Data serves as a key component for most businesses. Databases are used to store data and play a key role in data management. ApsaraDB for Redis is a high-availability (HA) key-value database service. This service helps you store large amounts of important data in various scenarios. This topic describes disaster recovery solutions provided by ApsaraDB for Redis.

Roadmap of ApsaraDB for Redis for disaster recovery

A variety of problems may occur during data management, such as software bugs, device malfunctions, or power failures at data centers. A disaster recovery solution guarantees data consistency and service availability. ApsaraDB for Redis provides optimized disaster recovery solutions to achieve high availability in different scenarios.

The following figure shows the roadmap of ApsaraDB for Redis for disaster recovery.

Figure 1. Disaster recovery solutions

Three solutions are available in ApsaraDB for Redis to meet different requirements. The following sections describe these solutions in detail.

Single-zone high availability

All ApsaraDB for Redis instances support a single-zone HA architecture.
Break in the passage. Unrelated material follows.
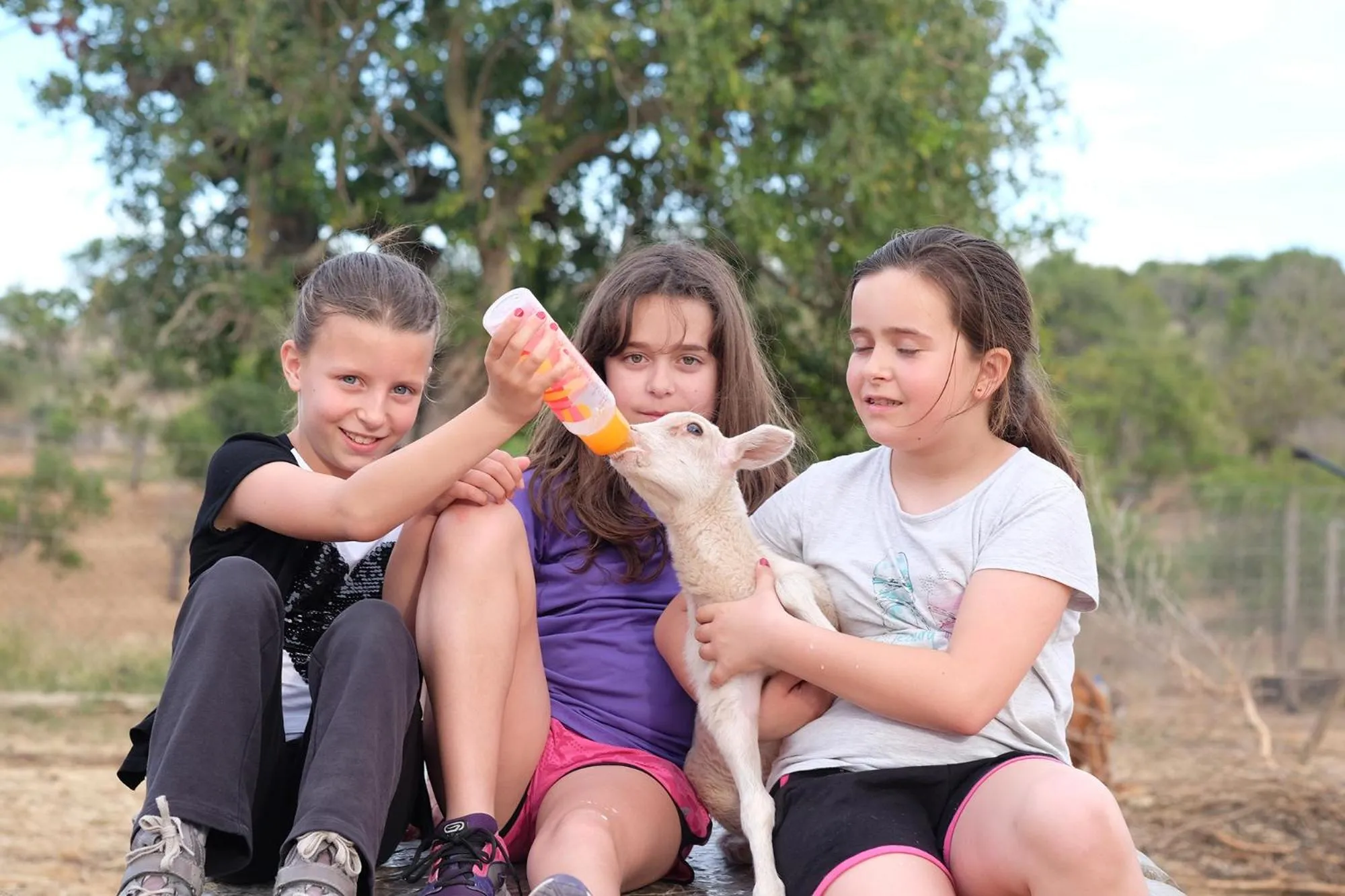 Animals in Finca Hotel Ses Cases Noves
The HA system runs on an independent platform to guarantee high availability across zones. Compared with self-managed Redis databases, ApsaraDB for Redis enables more stable database management.
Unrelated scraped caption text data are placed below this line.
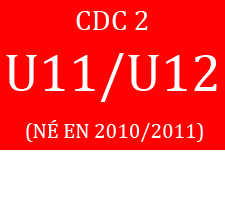 CDC2 Prog U1112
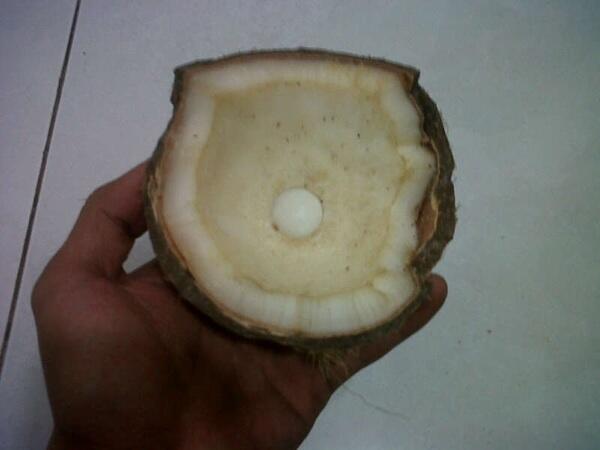 Batu mustika kelapa asli!!! Best Offer!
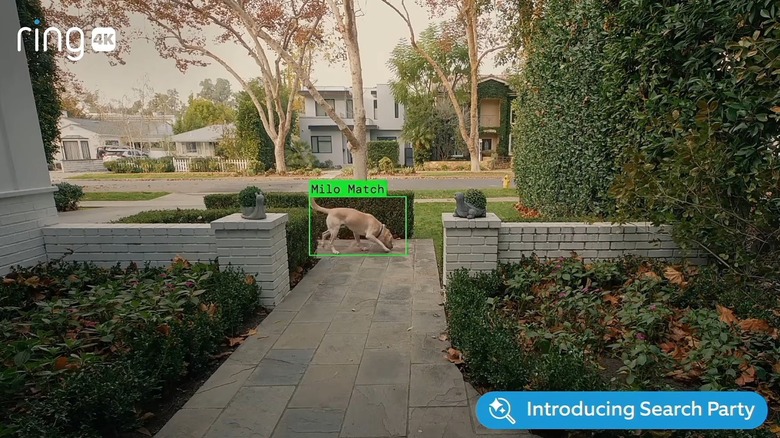 Screen grab from Ring's 2026 Super Bowl Commercial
Standard master-replica instances

A standard master-replica instance runs in a master-replica architecture. If the HA system detects a failure on the master node, the system switches the workloads from the master node to the replica node and the replica node takes over the role of the master node. The original master node works as the replica node after recovery. By default, data persistence is enabled for the instance. The system automatically creates backup files on the instance. You can use the backup files to roll back or clone the instance. This mechanism avoids data loss caused by user errors and enables reliable disaster recovery.

Figure 2. High-availability solution of a standard master-replica instance

Master-replica cluster instances

A master-replica cluster instance consists of a configuration server, multiple proxy servers, and multiple data shards.
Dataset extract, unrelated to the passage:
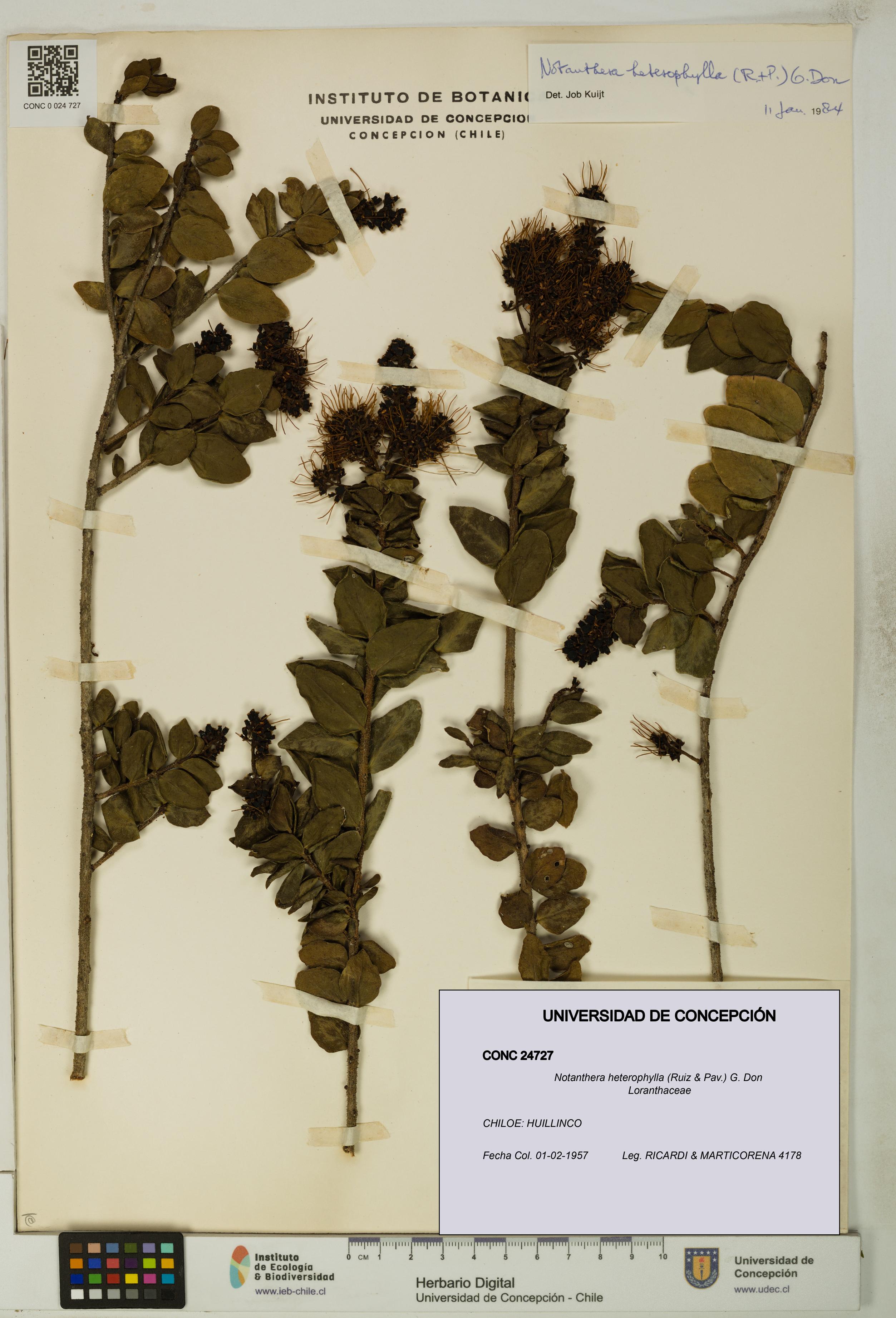 Notanthera heterophylla [Espécimen: UDEC:CONC:0024727]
  • The configuration server is a cluster management tool that provides global routing and configuration information. This server uses a cluster architecture with three replica nodes and follows the Raft protocol.
  • A proxy server runs in a standalone architecture. A cluster contains multiple proxy servers. The cluster automatically balances loads and performs failovers among these proxy servers.
  • A data shard runs in a master-replica high-availability architecture. Similar to a standard master-replica instance, if the master node fails, the HA system performs a failover to ensure high availability, and updates the information on the proxy servers and configuration server.
Figure 3. High-availability solution of a master-replica cluster

Zone-disaster recovery

Standard instances and cluster instances support zone-disaster recovery across two data centers. If your workloads are deployed in a single region and require disaster recovery, you can select the zones that support zone-disaster recovery when you create an ApsaraDB for Redis instance. For example, you can select China (Hangzhou) Zone (B+F) or China (Hangzhou) (G+H) from the Zone drop-down list in the console.

Figure 4. Create a zone-disaster recovery instance

When you create a multi-zone instance, the master node and replica node are deployed in different zones and provided with the same specifications. The master node synchronizes data to the replica node through a dedicated channel.

If a power failure or a network error occurs on the master node, the replica node takes over the role of the master node. The system calls an API operation on the configuration server to update routing information for proxy servers. The underlying network performs a failover based on the precision of the routing information available in a backbone network. The master node provides more specific CIDR blocks than the replica node. In normal conditions, the system transmits requests to the master node through specific CIDR blocks. If the master node fails, the master node does not upload routing information to the backbone network. The backbone network only provides less specific CIDR blocks of the replica node. The system routes requests to the replica node based on the available routing information.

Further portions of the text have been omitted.